Your goal: The answer must reproduce all of the data below exactly and contain no images.

Raw data:

-------

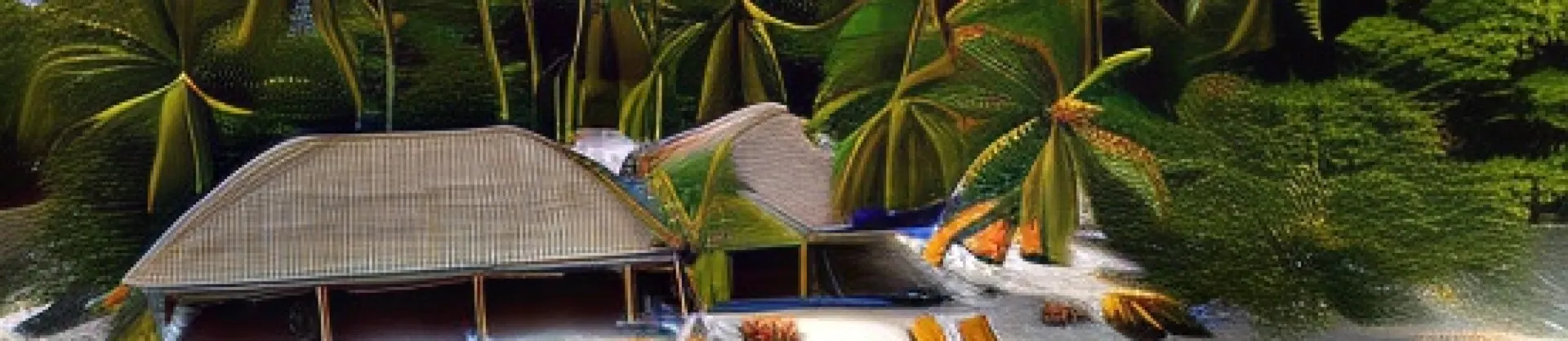 Four-Star Hotels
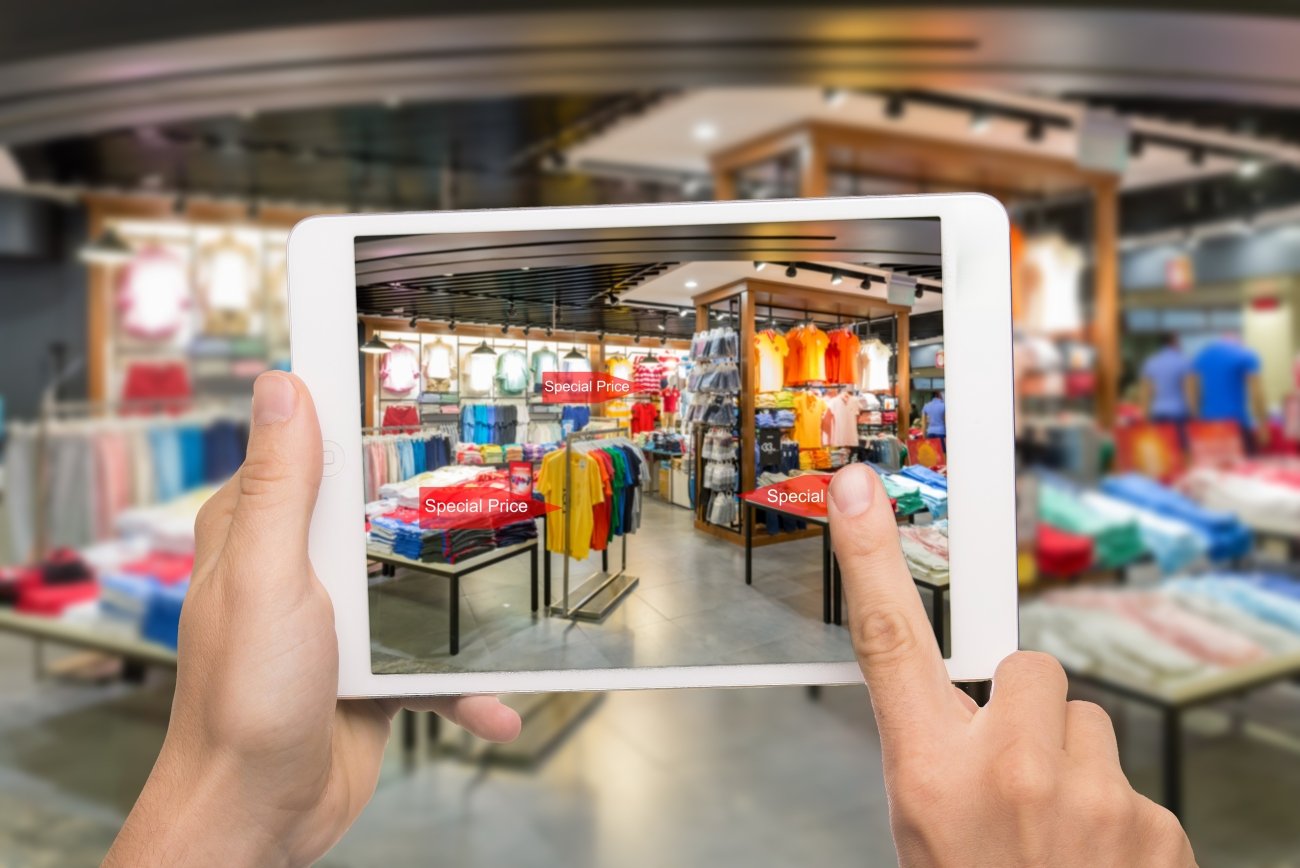 /media/19489/retail_ecommerce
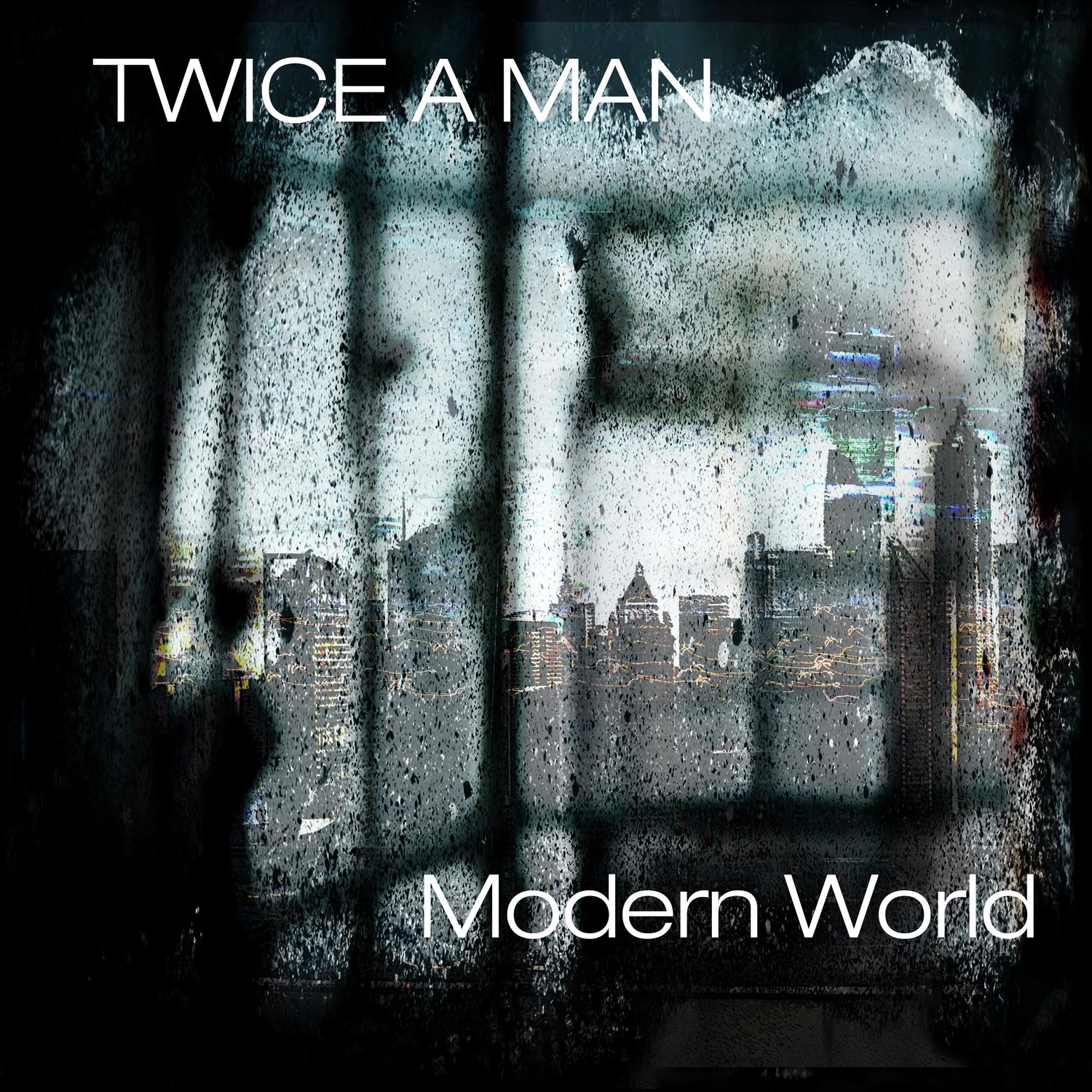 Modern World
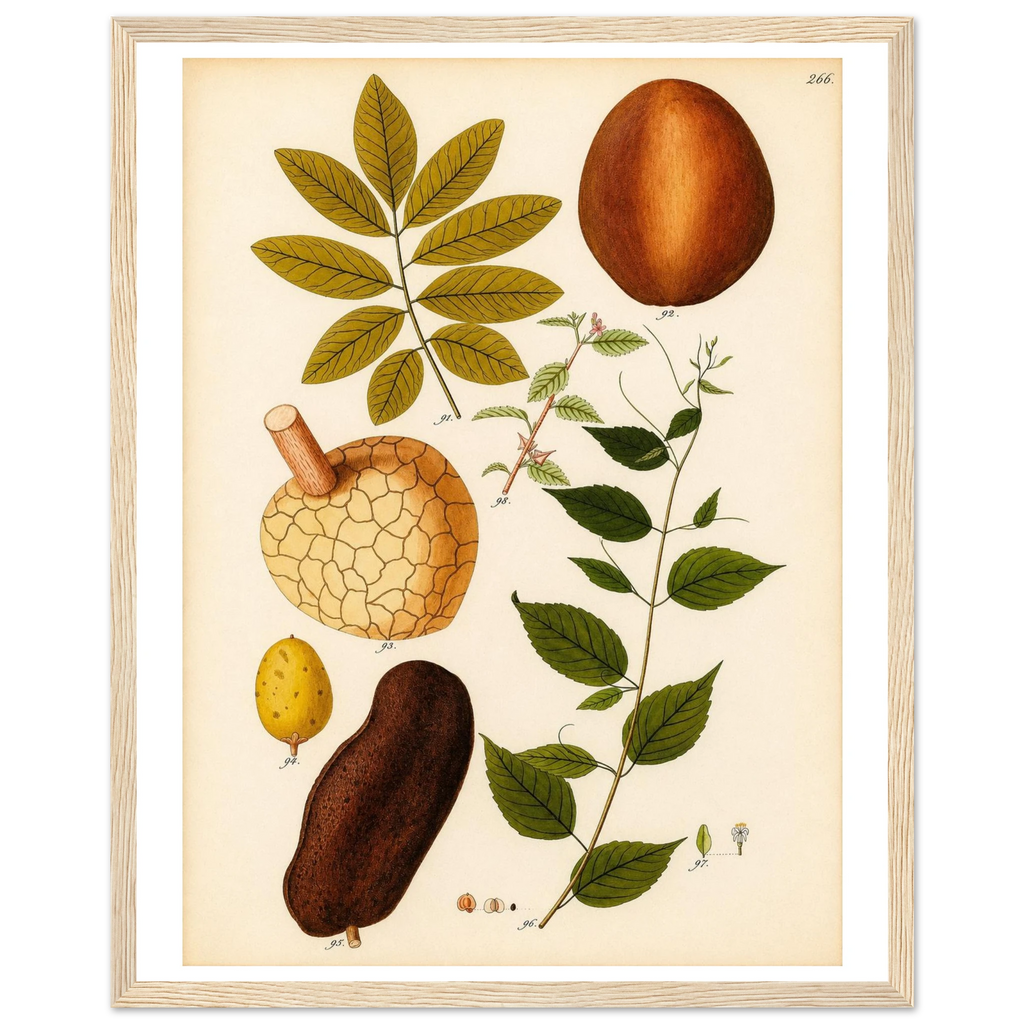 7bee0d30-c7c1-43ad-a9f3-245aab3b07ac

-------

Solution below:
 Four-Star Hotels
 /media/19489/retail_ecommerce
 Modern World
 7bee0d30-c7c1-43ad-a9f3-245aab3b07ac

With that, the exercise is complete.